Automated Detection and Modeling of Binary Microlensing Events in OGLE-IV data. I. Events with Well-Separated Bumps

Gravitational microlensing depends primarily on the lens mass and presents a larger occurrence rate in crowded regions, which makes it the best tool to uncover the initial mass function (IMF) of low-mass stars in the Galactic bulge. The bulge IMF can be obtained from the luminosity function measured with the Hubble Space Telescope if one knows the statistics of binary stellar systems in the bulge. We aim to analyze a statistically significant number of binary-lens/single-source and singlelens/binary-source events, in order to explore the lower-mass end of the bulge IMF even in unresolved binary systems. This paper deals with events with clearly separated bumps and no caustic crossing or approach, whereas other types will be analyzed in following works.
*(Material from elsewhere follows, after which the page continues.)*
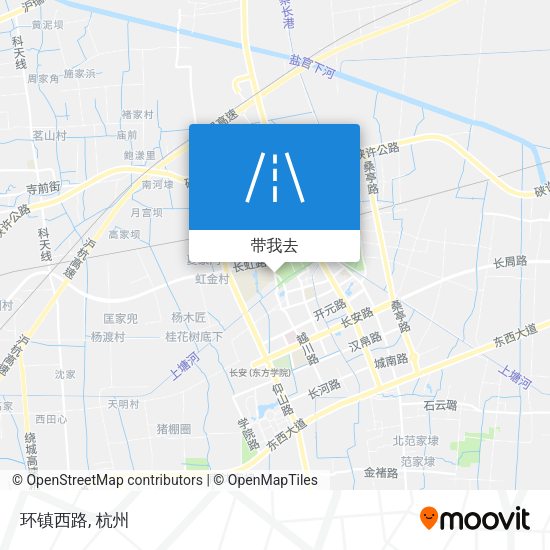 环镇西路地图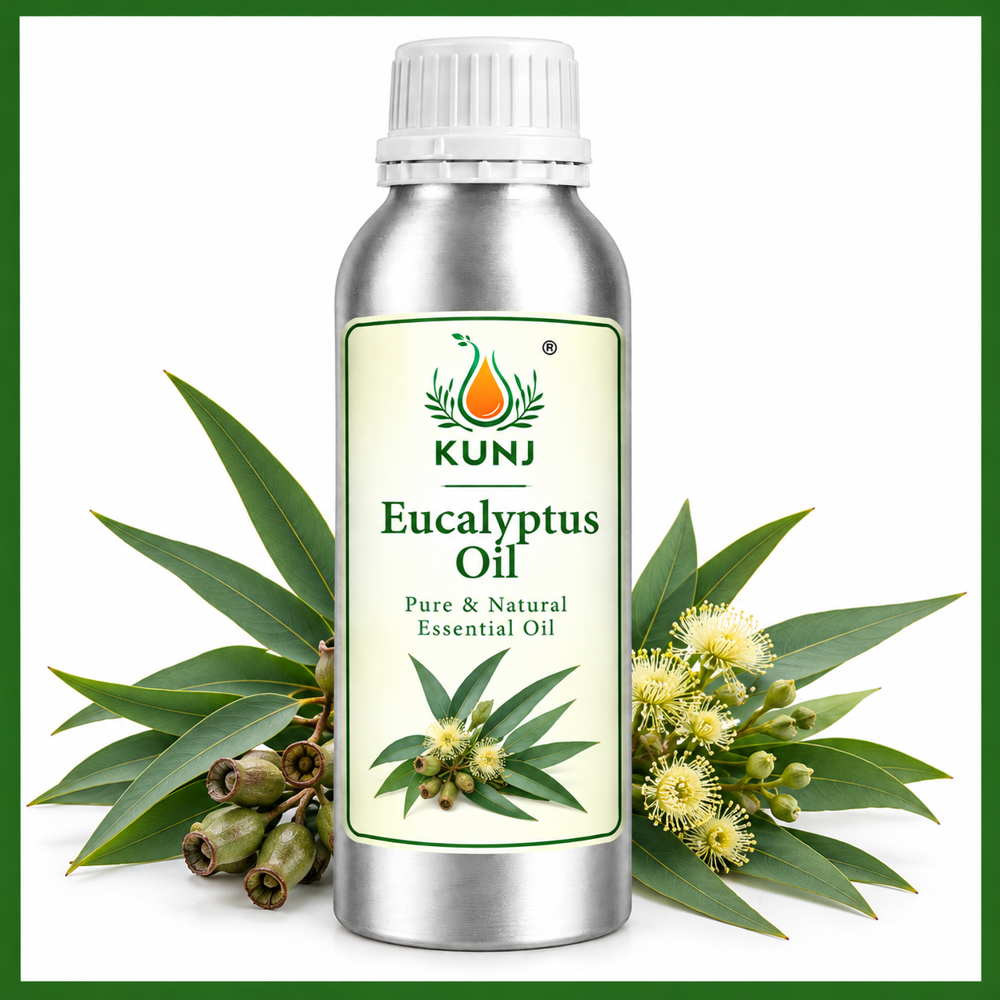 Eucalyptus Oil - 1 kg Liquid , 95-100% Pure Essential Oil from Leaves & Flowers for Aromatherapy and Natural Decongestion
A fully-automated approach in the search and modeling of binary events was implemented. Event detection was carried out with a modified version of the algorithm used in previous studies. Model fitting was carried out with Markov chain Monte Carlo and nested sampling methods, in order to find the most probable solution among binary lens or binary source models. We retrieved 107 binary events in the Optical Gravitational Lensing Experiment (OGLE) light curves spanning ten years in 9 high-cadence and 112 low-cadence fields toward the bulge. Several criteria were applied to reduce false positives, resulting in 59 most likely binary lenses and 48 binary sources. The tools were effective in detecting a bona-fide sample of binary events, with a distribution of Einstein timescales around 35-40 d and flat distributions for mass ratio and source flux ratio. After proper consideration of detection efficiency, the statistics for binary fraction and mass ratio will provide valuable constraints for the bulge IMF.